Karriere mit Behinderung:Behinderung ist keine Verhinderung

Lina Kotschedoff

Lina Kotschedoff hat eine starke Sehbehinderung - am Arbeitsplatz bei den Düsseldorfer Stadtwerken merkt ihr das jedoch kaum jemand an.

(Foto: Volker Wiciok)

Das zeigt die Karriere von Lina Kotschedoff. Sehen muss sie in ihrem Job fast nichts - auch dank neuer Technik.

Von Felicitas Wilke

Wenn Lina Kotschedoff morgens ins Büro kommt, fährt sie zuallererst ihren PC hoch und weckt Jannik. Jannik ist so etwas wie ihr wichtigster Kollege, obwohl er nicht mehr kann als Vorlesen. Die Männerstimme Jannik ist Teil einer Software, ohne die Kotschedoff "hilflos" wäre, wie sie sagt.
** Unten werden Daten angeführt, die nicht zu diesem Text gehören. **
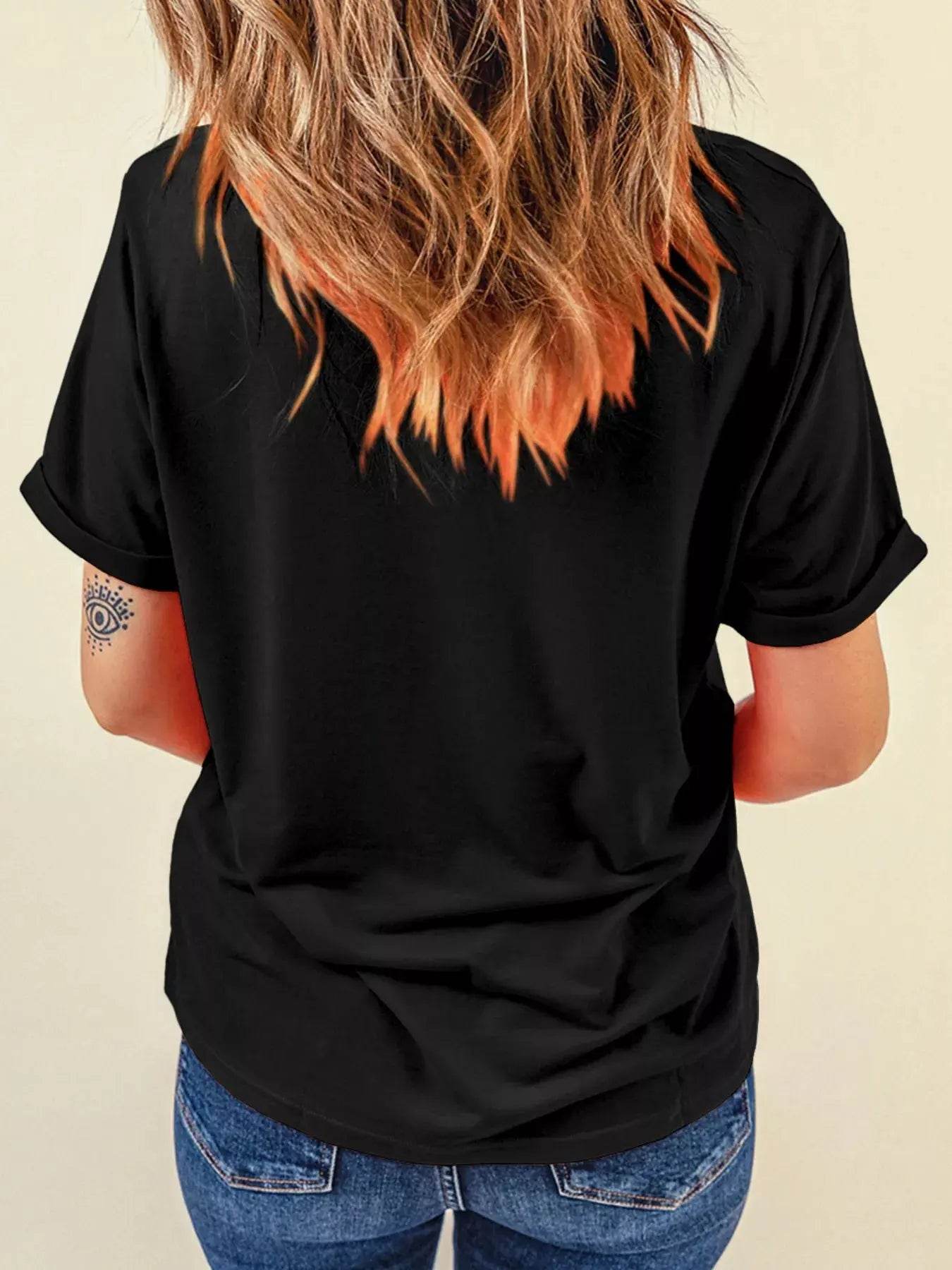 Halloween Ghost Bow Graphic Short Sleeve T-Shirt - ELY VESSA LLC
Die Betriebswirtin hat progressive Zapfen- Stäbchen-Dystrophie, eine erblich bedingte Netzhautstörung, die bewirkt, dass ihre Sehkraft nur bei fünf Prozent liegt. Symbole und Schriften auf dem Bildschirm muss sie acht- bis vierzehnfach vergrößern, damit sie etwas erkennen kann. Deshalb lässt sich die 34-Jährige E-Mails und Dokumente von Jannik vorlesen.

Bei ihrer Arbeit in der Entwicklungsabteilung der Stadtwerke Düsseldorf stört sie das kaum - im Gegenteil: Zu ihrem Job gehört es, sich neue Geschäftsmodelle auszudenken. Das trifft sich gut. Denn die Gabe, innovativ Probleme zu lösen, gibt es zu einer Behinderung dazu. Wer wie Kotschedoff mit einer körperlichen Einschränkung aufwächst, lernt früh, im Alltag zu improvisieren und auch ohne scharfe Sicht von A nach B zu kommen.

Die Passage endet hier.